Data Sources and Preprocessing:
Integrated and preprocessed datasets comprising transaction logs, demographic details, and daily user activity. Applied data cleaning, feature engineering, and stratified sampling to handle class imbalance and prevent data leakage. Engineered new variables, such as engagement scores, discount categories, and retention indicators, for enhanced model accuracy.
Machine Learning Models:
Evaluated various algorithms:
Decision Tree, Random Forest, XGBoost, and CatBoost for churn prediction. Conducted model evaluation using precision, recall, F1-score, and ROC-AUC metrics to benchmark performance. Achieved balanced performance with Random Forest and CatBoost models, excelling in both precision (0.818) and recall (0.845).
Feature Engineering:
Developed custom metrics like completion ratio, skip ratio, and weighted engagement scores to capture user behavior patterns. Implemented feature scaling using StandardScaler to optimize model performance for numerical attributes.
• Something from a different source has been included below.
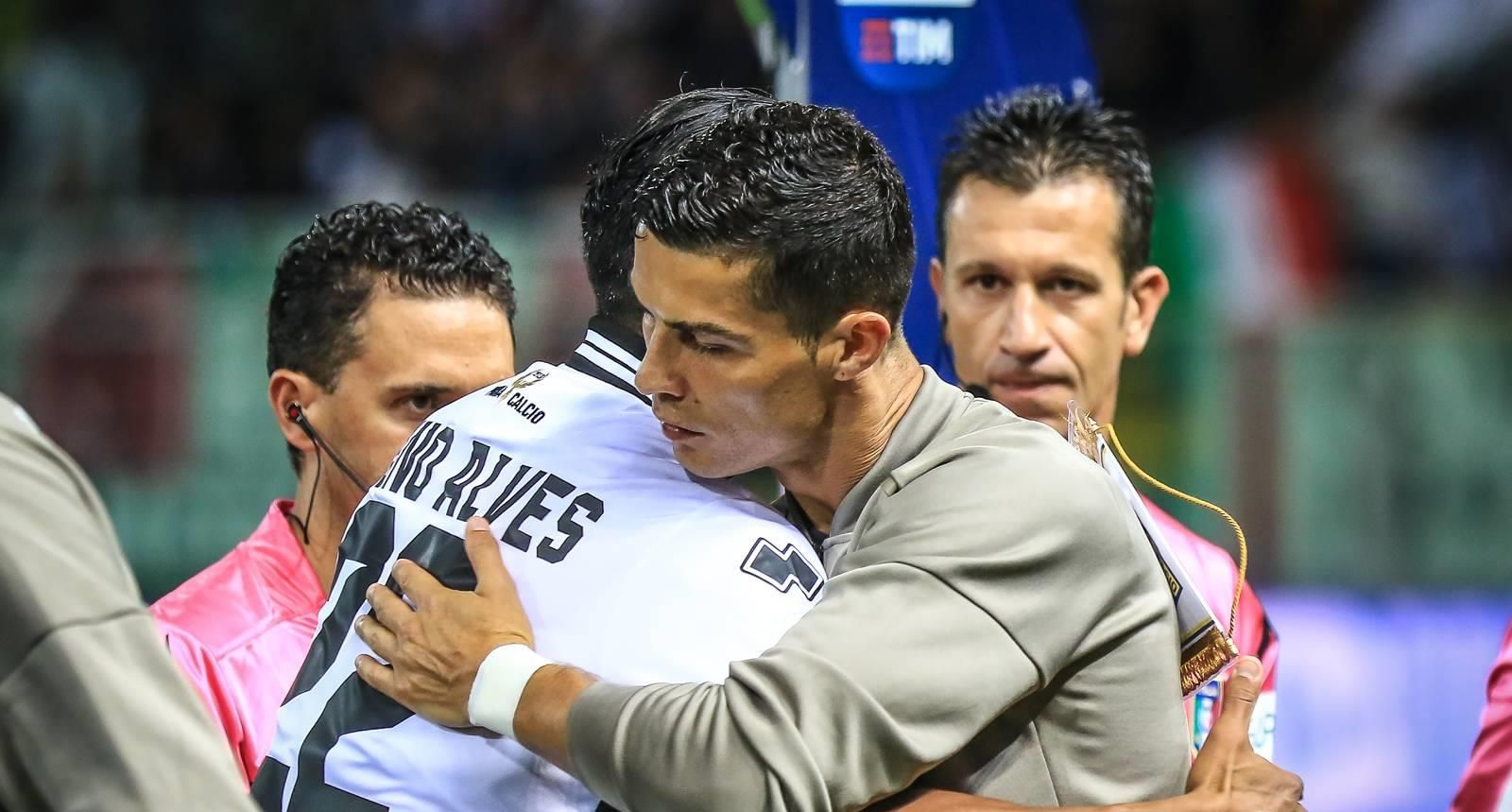 6年前夺欧洲杯冠军!葡萄牙40岁老将宣告退役,留下20年11队623场休闲区蓝鸢梦想 - Www.slyday.coM 6年前夺欧洲杯冠军!葡萄牙40岁老将宣告退役,留下20年11队623场休闲区蓝鸢梦想 - Www.slyday.coM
Model Evaluation & Results:
Compared advanced models against a baseline dummy classifier to demonstrate significant performance improvements. XGBoost excelled in precision (0.822), minimizing false positives, while CatBoost achieved robust overall scores. Random Forest and CatBoost models demonstrated the best balance of precision and recall, making them ideal for churn prediction tasks.
Visualization & Insights:
Used data visualization to analyze relationships between churn and factors such as price tiers, auto-renewal status, and user engagement. Extracted actionable insights to inform retention strategies, such as targeting users based on subscription duration and engagement metrics.
Conclusion & Future Work:
Ensemble models like Random Forest and CatBoost were recommended due to their superior predictive capabilities for identifying potential churners. Future work includes integrating real-time data streams and exploring deep learning models for more nuanced user behavior analysis.